There should be a rethink on the Left as well as on the Right. Old Labour saw in the universities an instrument of social engineering, yet enormous expansion under New Labour never brought about the expected equality.
The middle class again proved more adept than the working class at exploiting the welfare state, and access remained stubbornly narrower than the social engineers wished.
It could even be argued that inequality increased, because the poor were then paying for the children of the rich to enhance their future earning power with a degree.
Now the cackle has to be cut. The British state has been spending too much on higher education as on everything else, and in future the students will have themselves to find the money for what the taxpayers can no longer afford.
Anybody who had hoped the Scottish state might act differently would already have learned some months ago that our squeeze is to be no less painful. From now on, all the same, the paths of the English and Scottish universities will diverge. In fact I can think of English academics who rather relish the challenges ahead.

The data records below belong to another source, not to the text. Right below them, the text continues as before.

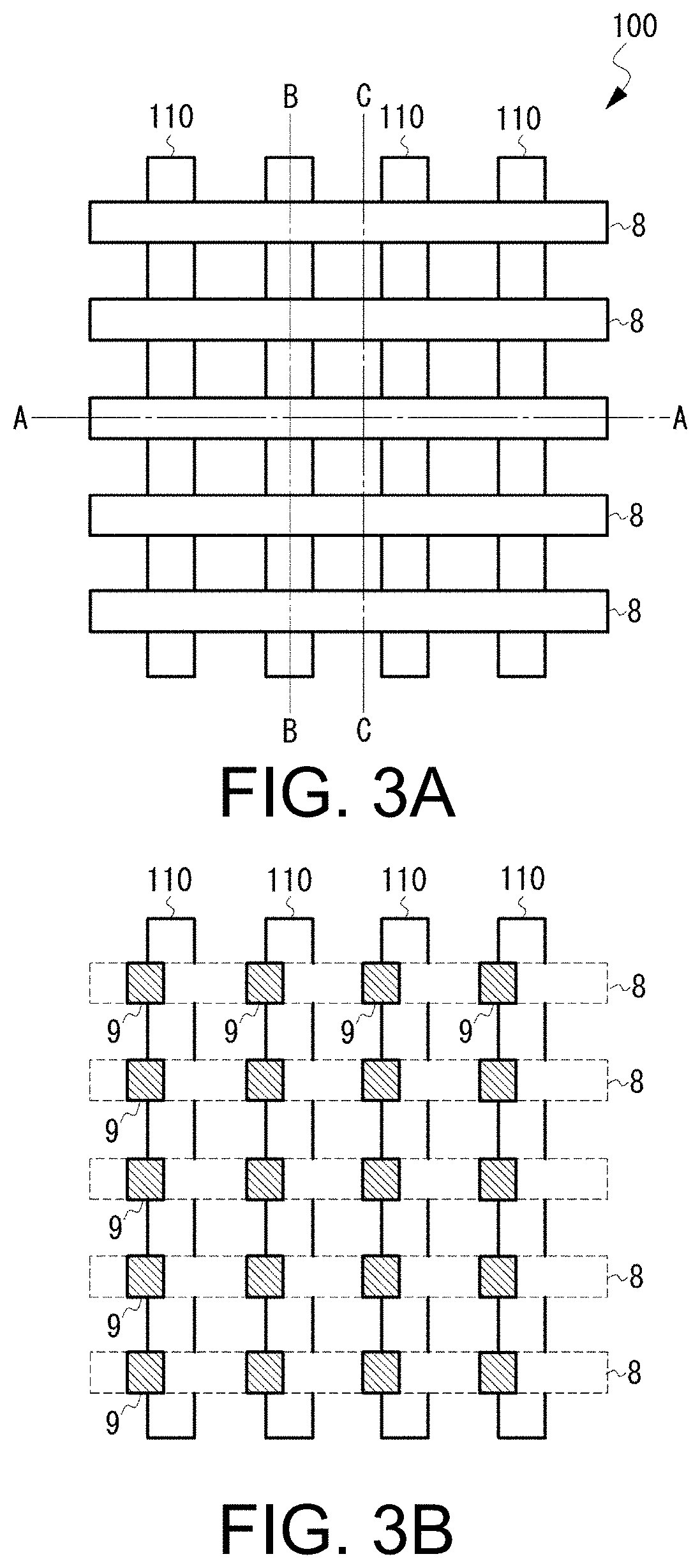 Patent US11778819 Figure 3 – NAND flash memory with reduced planar size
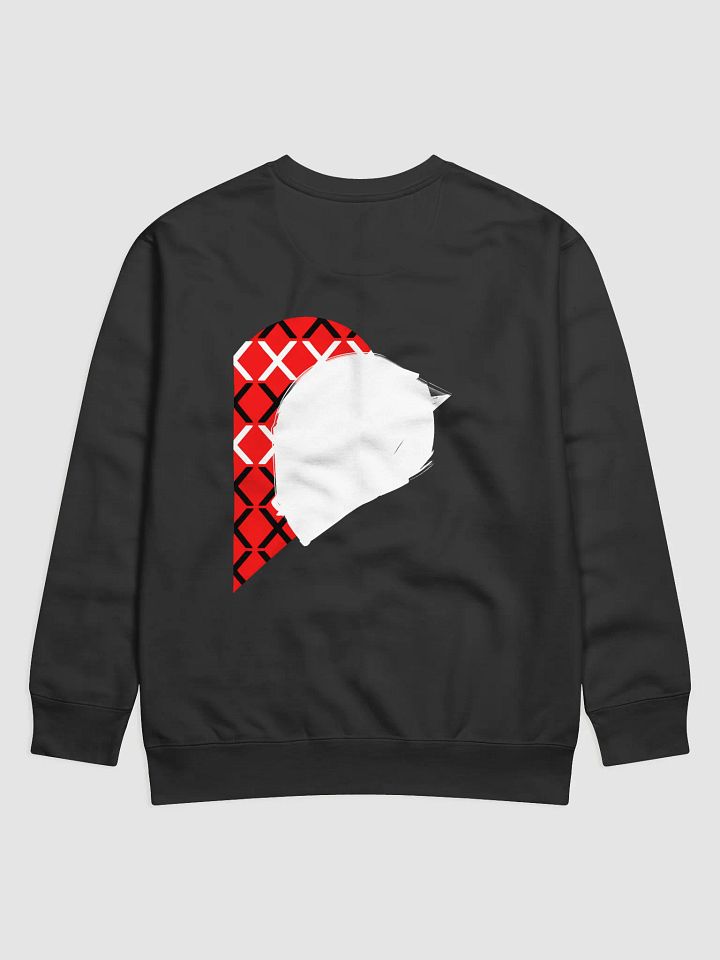 Valentine Matching Road Helmet Heart Crewneck (White-Right) product image (2)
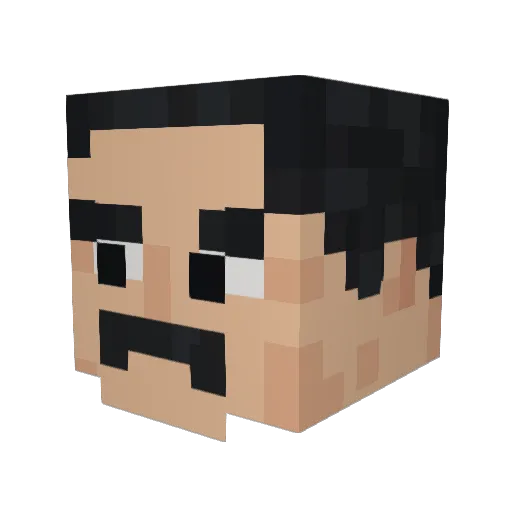 feurr02 Minecraft avatar head, 3D render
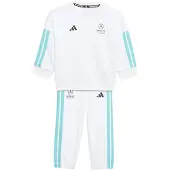 Adidas Sweatsæt - Mer DNA - White/Semiru - - 3 år (98) - Sweatsæt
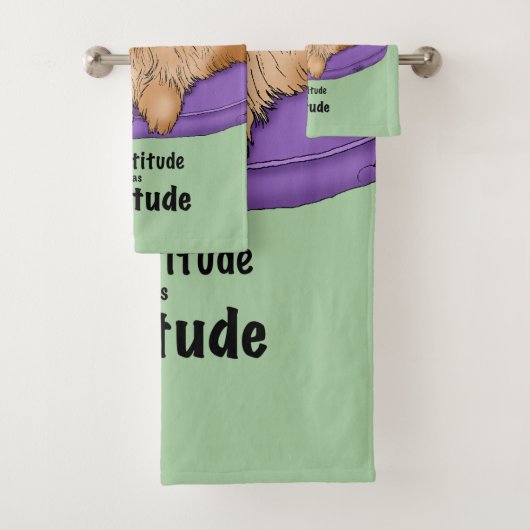 Cat Attitude Grappig Bad Handdoek (Insitu)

Probably, as a result of an official review now going on, they will soon be able not only to charge higher fees but also to differentiate the fees they charge. Balliol College, Oxford, and Trinity College, Cambridge, will no longer be kept on level pegging with the former Slagsville Tech, but will again become institutions for an elite, raising and spending enough money to reward the best teachers and attract the best students.
Equality then goes out the window, obviously, but in these hard times something has to give.
In contrast, Scottish universities charge no fees to undergraduates from Scotland. By the Scottish Government this was thought to be a virtuous preservation of equality, drawing a distinction with the wicked English encouragement and tolerance of inequality.
The fact that the Scottish system does not in fact produce more equality, in the sense of better proletarian access, has seemed incapable of denting the national self-congratulation.
In the real world the difference will soon yawn in a different way.
English universities will have means to make up for the money lost from the government. Scottish universities will not.
All British universities face a testing time, yet it is hard to see how the Scottish universities in particular can avoid coming off much the worse from it. Remember that two of them regularly figure in the world's top 20 for their facilities and results.
We have to fear that a great national asset is about to be squandered.
What is the answer? Nothing easy, but one thing the universities have started to think about is moving away from an arrangement which for half a century has subjected them to the vagaries of the British state's, or nowadays the Scottish state's, financial situation. It is unstable: it changes, sometimes violently, from year to year, as it did from 2007 to 2008. A university needs more stability than that, for its staff as for its students, or for keeping up with advances in knowledge.
It follows that one of the best things a university can have is a private endowment, to finance innovations and to fall back on if need be. Up to 1945 British universities relied on such endowments – the Carnegie Foundation was the prime example in Scotland.
After 1945 the universities made a terrible mistake: they threw themselves into the arms of the state and became reliant on it for their money.
Probably the academics who yielded to this temptation assumed the state would always be run by decent chaps like themselves, former students sure to respond to appeals from their old professors. How wrong they were.
Yet it remains possible to run a university on private endowments. It does not happen in Britain, or much in Europe, but it happens in the United States on a big scale.
I myself have spent two of the happiest years of my life at Brown University, an Ivy League institution in Providence, Rhode Island, which costs $5 billion (3.44bn) a year to run (twice the total budget for education in Scotland). Yet every cent is privately raised.
While the students are mainly rich kids whose daddies can afford the fees, Brown University has also raised enough money to offer what it calls "needs-blind admission".
No able student is turned away just on the grounds that he or she cannot afford the fees – and for undergraduate courses these are up to $40,000 (27,600) a year. In those cases, the university itself provides for the student.
The system works, and I have myself met young blacks from the mean streets of nearby Boston or the children of first-generation immigrants from Asia or Latin America, all benefiting from what the Ivy League institution gives them: one of the best educations in the world.
Brown and similar institutions still offer what used to be a pride of the British welfare state: free higher education to anybody who needs it. In Britain this is a forgotten dream. Yet it is still part of the American dream. It is also one difference between the public and the private sector.